They were back from hiatus. They were back pursuing other projects. There was talk of new recordings and rumors of a tour. The rhythm section went back on the road with Saves the Day. A one off show, a select city tour, one or two new compositions would grace their set list, a mention of all the work on new material followed by months of nothing, deadlines come and gone, and a website that was cryptic to say the least… Over the past few years I do not think I was the only one Glassjaw had beginning to feel like a GnR fan circa the late Nineties. Finally, the past few months have been fruitful. The wait has been ended and unlike Guns n’ Roses fans, I am not disappointed. Blanketed by thick bass and an aggressive guitar, Coloring Book has arrived.
“Black Nurse” opens the record with the punch and freshness of a 2002 New Brunswick, New Jersey basement showcase. Its chunky guitar and heavy bass lines almost make you feel closed in, trapped between a weak jaded hipster nodding their head in approval (burning the back of your shoulder with a dangling cigarette) and the most excitingly charged pit you’ve ever caught a stray fist to the chest from. This is a ‘move or get moved’ song right out of the gate, leaving you already let down about there being only five tracks left.
“Vanilla Poltergeist Snake” intros with plenty of high end energy, keeping pace with the opening duo…only to change gears shortly after. Slowly taking the shape of an unstoppable steam engine; the driving bass and high-hat / snare paired throughout, joined by a slow-pulsing and heavily distorted guitar, compliment the curious verses and declarative chorus laid by the vocals.
The chugging push is continued from “Vanilla Poltergeist Snake," gaining mass and momentum most of the way through “Miracles In Inches." The vocals convey desperation with time feeling as though it’s running low. The arrival of the break, however, brings with it a deteriorating characteristic as this composition cuts everything, save a lone bass line. Guitar and drums quickly jump back in with a chaotic spray…almost wilting the punch Coloring Book opened with in an incendiary bloom.

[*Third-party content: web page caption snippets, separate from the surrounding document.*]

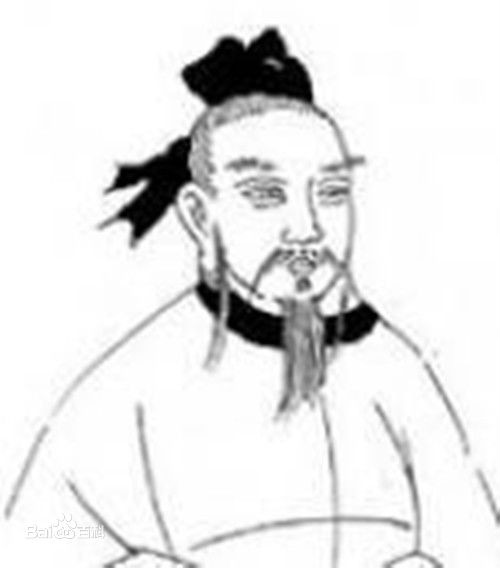 李延寿 李延寿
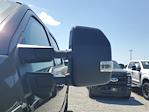 2025 Ford F-250 Crew Cab 4WD Pickup for sale #S1247 - photo 5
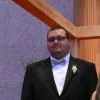Josh Fortney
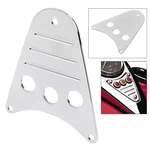 Dash Plaque Cover Trim Fit Kawasaki Nomad 1998-04/VULCAN 1500D 96-07. Fixed Price $19.97.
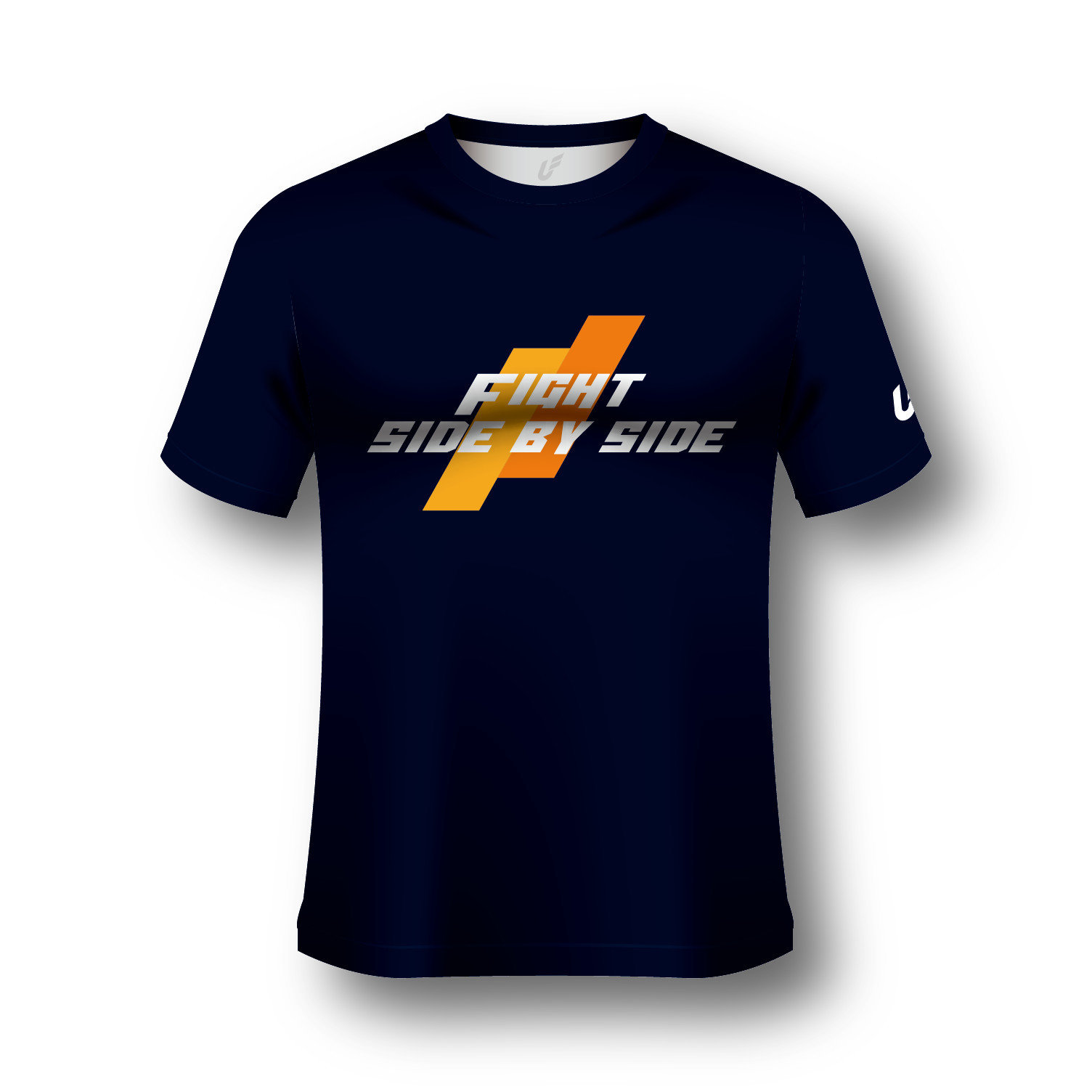 Taiwan-Roundnet Taiwan-Roundnet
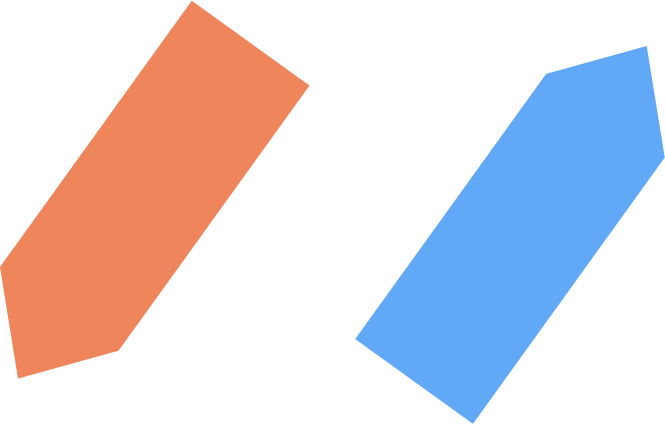 NodlBit Logo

“Stations of the New Cross” reflects this decay in its rolled back tempo; cementing the tidal flow of this record, seemingly impossibly, in only five songs.
This ebb and flow finds us here, on the other side of this short but sweet collection, at “Daytona White." A song possessing a seductive weight, albums away from where Coloring Book delivered “Black Nurse," “Daytona White” unfolds the inevitable: No one ever plans on the night ending, but suddenly the east begins slowly glowing louder. A careless population will never remember closing its eyes upon waking in 6 hours; yet the bodies pose frozen across your apartment. The olive jar is empty, the wine bottles bled dry, and the mirrors lay cleaner than you’d like. Reluctantly, you move in echoes trying to recall where you keep your bedroom. You push its door open wondering if someone got to your sheets first.
END
All in all, Coloring Book is exactly as advertised. The songs fall across the spectrum. In this case Glassjaw makes each song work to feed the next, a concept that escapes most. At no time did I feel a knee jerk from one track to the next; or even so much as the high speed climb and fall of a rollercoaster. Coloring Book picks you up and drops you in on a wave double overhead, carries you through the pipe, only to eases you down back near the beach. All you want to do is paddle back out for another go.